スリランカ「世界の朝ごはんめぐり」Webマガ版2025年7月号

今回ご紹介するのは、スリランカ・コロンボ在住のスヴィシュミ・ニルマニ(通称スヴィ)さんです。国際NGOでプロジェクトコーディネーターとして働くスヴィさんは、最近結婚したばかり。もともとは料理が苦手だったそうですが、結婚を控えたある日、母親に「覚えなさい!」と教え込まれたことがきっかけで、なんと料理の魅力に目覚めたのだそうです!

今では、スリランカの多様なスパイスを自在に操り、新しいレシピに挑戦することが日々の楽しみに。さらに舞台演劇にも情熱を注いでいるため、仕事以外はキッチンもしくは舞台にいることが多く、想像力と表現力に満ちた毎日を送っています。

さて、スリランカでは食事の配分について、以下のようにいわれることが多いそうです。

「朝食は王様のように、昼食は庶民のように、夕食は貧民のように食べなさい。」

つまり、朝はしっかり栄養を摂ることが大事。西洋に同様の格言がありますが、スリランカでも古くから伝えられているようです。スリランカでは、朝食は必ずしもご飯とカレーだけではありません。自然の恵みを生かした、シンプルでボリュームのある食事を楽しむこともあります。スヴィさんが今回紹介してくれた「ゆでキャッサバと、ココナッツサンバル(別名ポルサンバル、またはサンボル)」は、そんな朝食の1つです。

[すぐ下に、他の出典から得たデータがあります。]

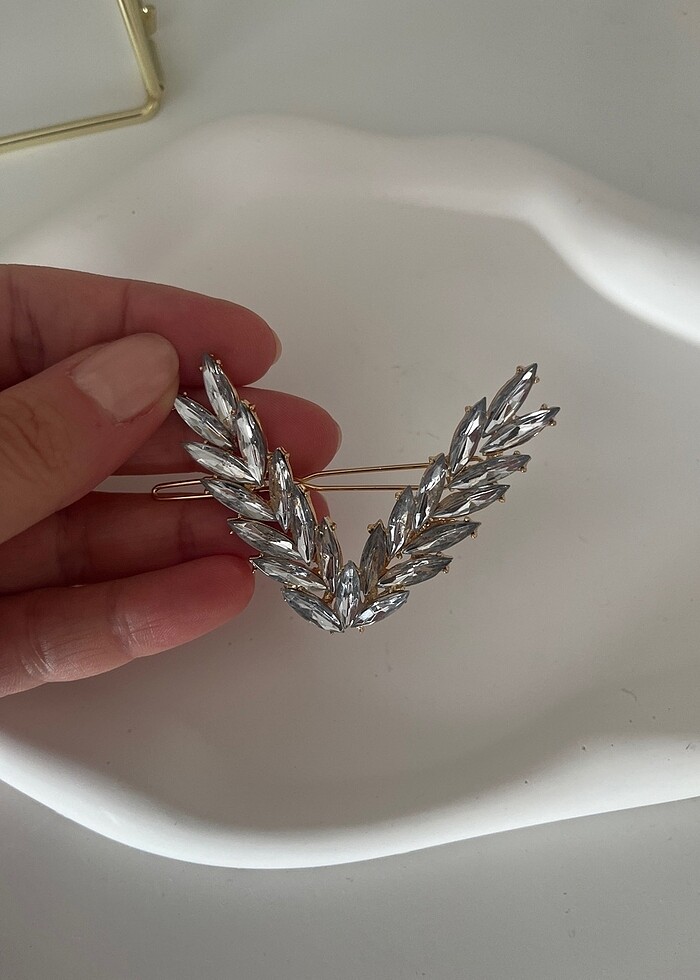 Taşlı Toka - Görsel 3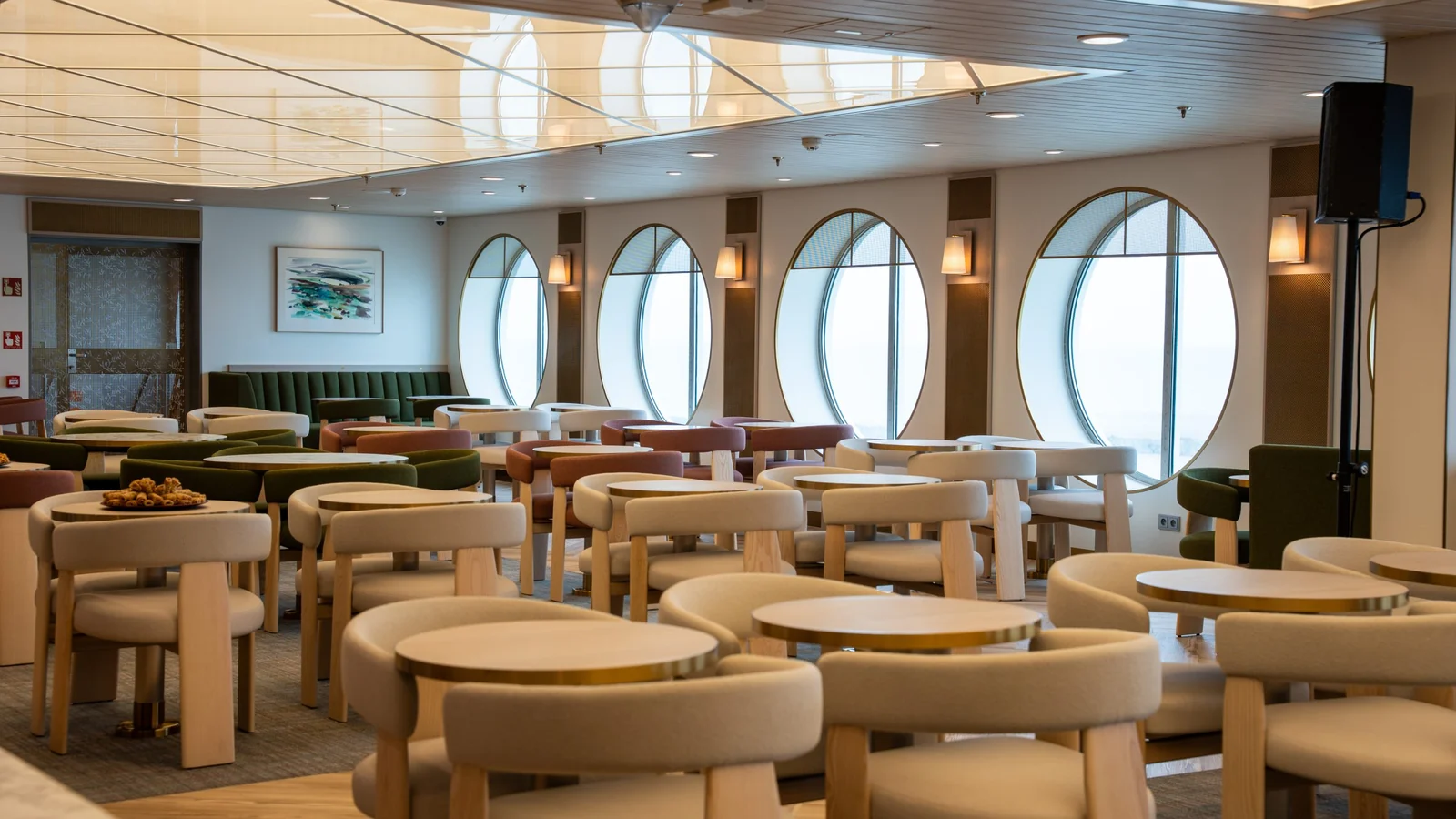 Brittany Ferries – färjerederi och reseguide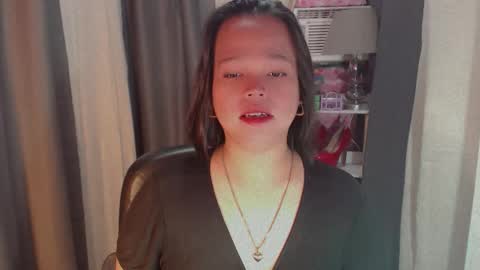 Joana online show from February 2026 08:48:02 PM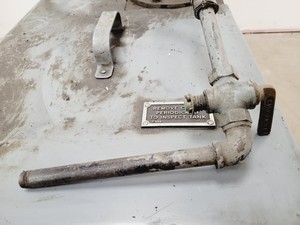 Thumbnail image of Churchill Surface Grinder NB31641 with Cooler Pump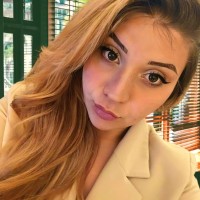 Transfeero Employee Azzurra Furnari's profile photo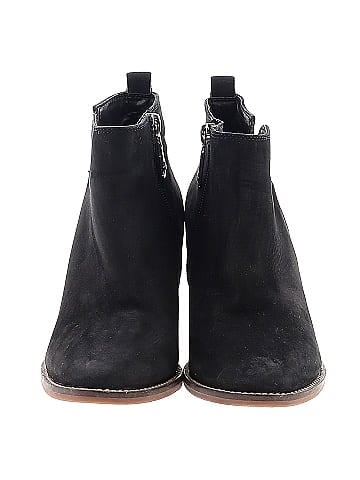Blondo Ankle Boots (view 2)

キャッサバは、何世代にもわたってスリランカの家庭で親しまれてきた、定番といえる根菜です。栄養価が高く、ボリューム満点で、朝食に最適です。特に「手軽に満足できるものが欲しい日」には最適です。ゆでるとキャッサバはやわらかくなり、ほのかな甘味とクリーミーな食感になります。この食感は、スリランカのココナッツサンバルと絶妙にマッチします。

ココナッツサンバルは、すりおろしたココナッツにとうがらし、塩、ライム、玉ねぎを加えて作る、スパイシーでさわやかな副菜です。ココナッツの濃厚な風味とキャッサバのマイルドな甘味が絶妙に調和し、一口ごとに心安らぐおいしさが広がります。干し魚を添えたり、ココナッツオイルを垂らして風味をプラスしたりするのもおすすめです。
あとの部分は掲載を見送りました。